Content starts

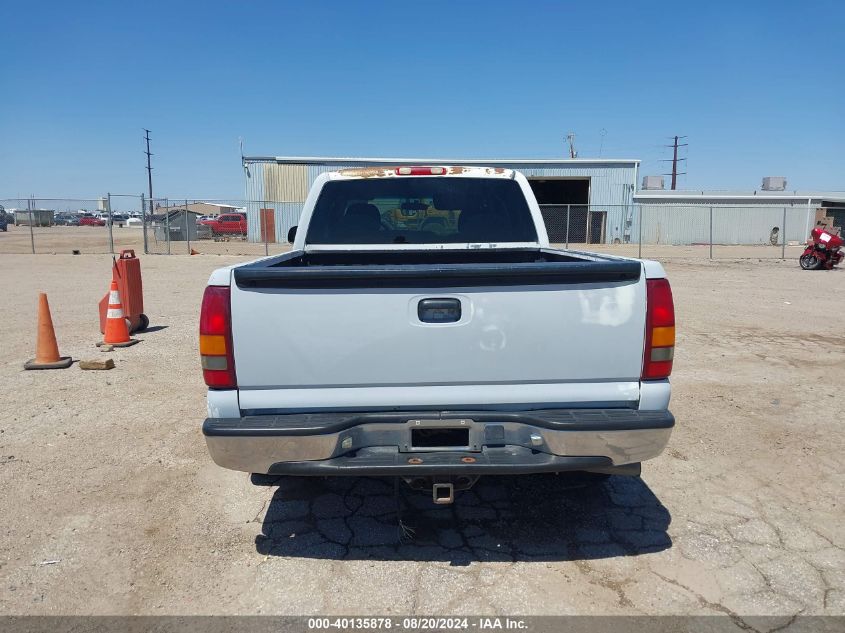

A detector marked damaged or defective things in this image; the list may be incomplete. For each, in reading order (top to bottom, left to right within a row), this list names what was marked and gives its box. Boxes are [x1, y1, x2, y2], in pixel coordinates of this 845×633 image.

cracked asphalt pavement [0, 253, 840, 616]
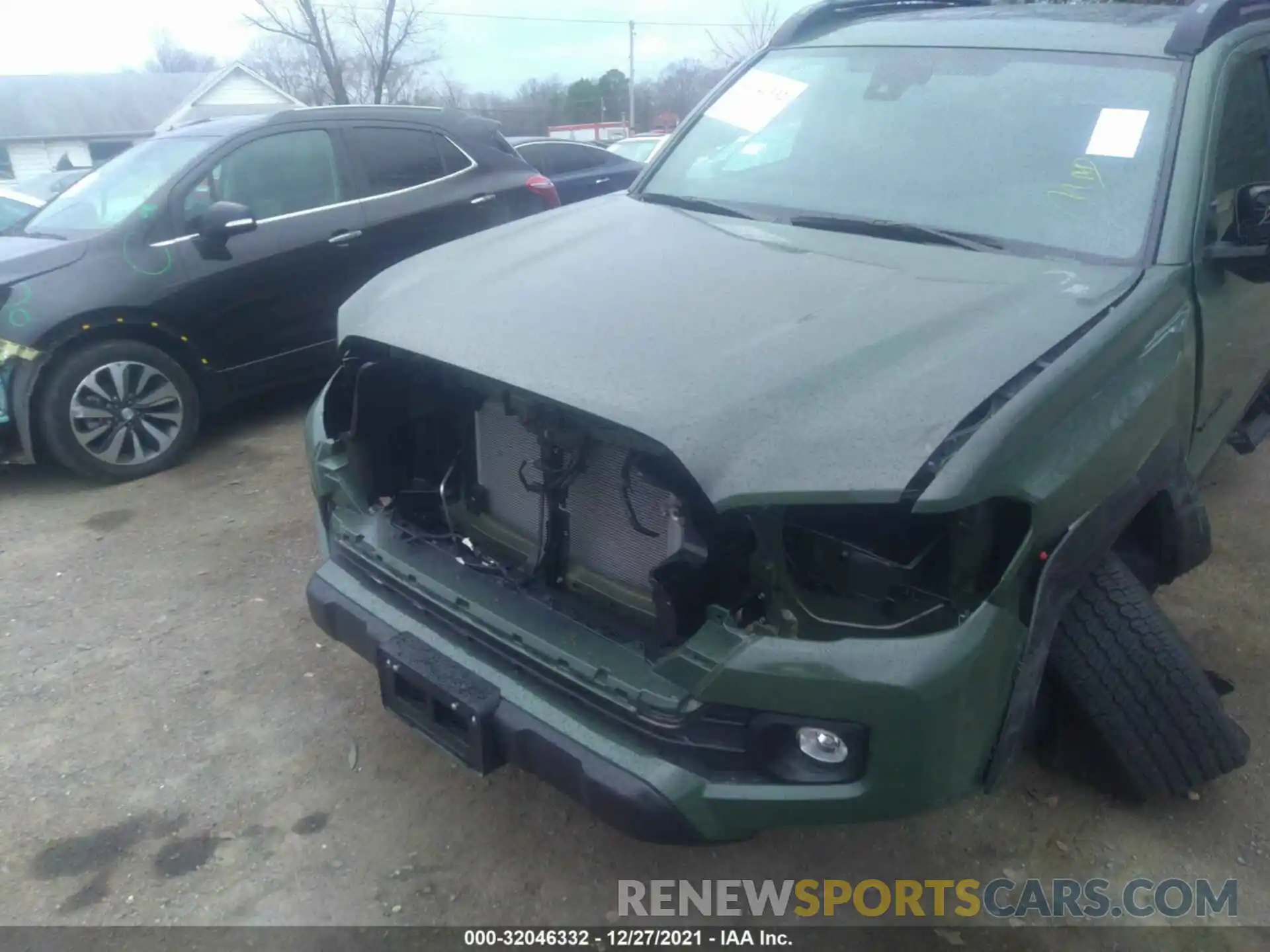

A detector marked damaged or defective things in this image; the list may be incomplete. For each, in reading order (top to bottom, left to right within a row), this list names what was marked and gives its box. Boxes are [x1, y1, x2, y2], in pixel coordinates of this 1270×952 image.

detached bumper [306, 566, 704, 841]
crumpled front end [303, 344, 1037, 841]
damaged green suv [303, 0, 1265, 841]
damaged headlight cavity [783, 497, 1032, 632]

Content ends

[WORK INSTRUCTIONS] Your answer must be the lines from the one holding "this 1270×952 image." to the end of the listing above, exactly as written and nothing else.

[EXERCISE RESPONSE]
A detector marked damaged or defective things in this image; the list may be incomplete. For each, in reading order (top to bottom, left to right within a row), this list names what was marked and gives its box. Boxes are [x1, y1, x2, y2], in pixel coordinates of this 1270×952 image.

detached bumper [306, 566, 704, 841]
crumpled front end [303, 344, 1037, 841]
damaged green suv [303, 0, 1265, 841]
damaged headlight cavity [783, 497, 1032, 632]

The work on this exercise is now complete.